The AI Disaster Impedes Creativity and Originality, which are Bedrocks of Human Connection.

by | Apr 22, 2023 | Editor's Muse, Faith & Logic, Opinion, Think Piece | 0 comments

As a copywriter, I have had such a beautiful experience of using AI to brainstorm and learn.

I used ChatGPT to optimize my content for search and sometimes to create a skeleton for social media campaigns. If you are in a creative block, you could get a kickstart with AI.

I have seen AI prompt my emails and lead me to say appropriate words to the recipient when I wasn’t too sure what to say.

As a researcher, I have used AI to improve my knowledge of data analytics, tableau, religion, and other complex research questions. I recently learned more about net-zero buildings and improving climate finance for housing in Africa. Google’s Bard AI gave me even more invaluable insights regarding steps to building a valuable advocacy for housing and climate finance. If I were to be writing a comparison between ChatGPT and Bard, I would say each of them could potentially make you smarter and improve your learning. This is because they are designed to explain and narrate information built on a database that your brain might not be able to tap into as they do.

With Machine Learning, AI tools will become increasingly adept at predicting what should be said about a topic and there are a lot of benefits to this. When you combine this power with the accessibility of mobile apps, you are talking about endless possibilities.

However, I have also hit a bit of a snag while using these apps. Without even debating the ethical issues for academics and researchers, the factual unreliability of ChatGPT, and many other explicit reasons for caution, we might need to consider the human intelligence at risk.

While writing a piece of content for a client, I find myself wondering what would AI have said. This thought quickly develops into me wondering if it even matters that I write my own ideas first before generating new ones with AI. What if I just let AI do the work and then I edit it to sound like mine?

While this sounds like a beautiful proposition, I have a huge debate going on in my head. Is the client paying for me to improve on AI? Or have they trusted me all these years because of the authenticity with which I write?

What about the many approaches that I could have taken to each sentence or phrase. While AI is almost certain to tackle each task in a particular manner based on the code and data it has, humans are unpredictable. As a writer, creating stories and content for businesses has always been an unpredictable journey for me. It could be after a fine breakfast and mind blowing orgasm, that a fresh idea comes to my writing. It could be the cool breeze of the day and how sated and content I am with life that inspires my thoughts. It could be my discontent and anger that leads how I tell a story. Each piece has its own unique signature and adds to the beauty and diversity of life.
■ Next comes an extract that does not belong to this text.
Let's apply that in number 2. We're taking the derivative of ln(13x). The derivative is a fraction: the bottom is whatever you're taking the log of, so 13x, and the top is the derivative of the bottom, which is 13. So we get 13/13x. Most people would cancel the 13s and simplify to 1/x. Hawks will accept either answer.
In many ways, originality stems from my interaction and connection to the world around me. Infusing these emotions and personality into my work, makes it organic and heartfelt. It’s in those moments when I am able to put myself in the shoes of the customers, who are real people with real experiences, that my words find colour and vibrance. Now that I am going to let AI lead, what happens to all that spontaneity and empathy?

Another major question that has been bugging me is the issue of convergence. Gradually, AI becomes fully assistive and might even become capable of saying what you think you want to say. Because it sounds neat and nifty, you have no objections. Ten years down the line, you are basically communicating with your world as AI. Your friends and family are interacting with AI’s responses to their feelings and emotions. Where do you draw the line? How would you be able to tell the difference between what you are thinking and what AI has simply prompted you to think?

When the AI in my emails suggests to me that I should say things, I wonder if accepting the prompting doesn’t take away something of who I am. The errors and inconsistency of speech, the struggle to articulate, the need to be heard and understood, the desire to express feelings of love, empathy, compassion and anger. These are all stripped away and replaced with a bland meal of artificially created carbohydrates and plastic proteins. It tastes real and perfect but I am gradually becoming something else. It feels like my intelligence is being babysat by a robot that doesn’t know when to stop and give someone a hug.

What if we all start to have the same thoughts and approaches to problems. We all aren’t often so dissimilar. Already, we get tied into stereotypes and biases that make us act based on social conditioning. It can be disappointing when you see a person playing to the dictates of predictable stereotypes and societal expectations. You want to just shake them and ask that they wake up to be original. AI is at the risk of introducing even more predictability and sameness to how humans behave and think. By relying on Artificial intelligence to learn from our input, we all contribute to this big brain that then goes on to help us predict responses and thoughts. Because of how accurate it’s going to sound at some point, everyone might just be plugged into the same singular way of thinking which is a major marker of the Singularity. Whether the Singularity would lead to a world where everyone is happy, agreeable, contented, and equal or it will become a world where humans go extinct, no one knows.

However, l must point out at this point that when I started out this essay, I wasn’t thinking about the singularity. But as I continued to weave my thoughts around the issues I have seen with AI, I came to a conclusion that pointed at this concept. I asked Bard AI to explain the singularity and it fits perfectly with the disaster I have spent this essay trying to articulate. If AI is going to be the end of human connections and originality, it might also be the end of the human race and intelligence.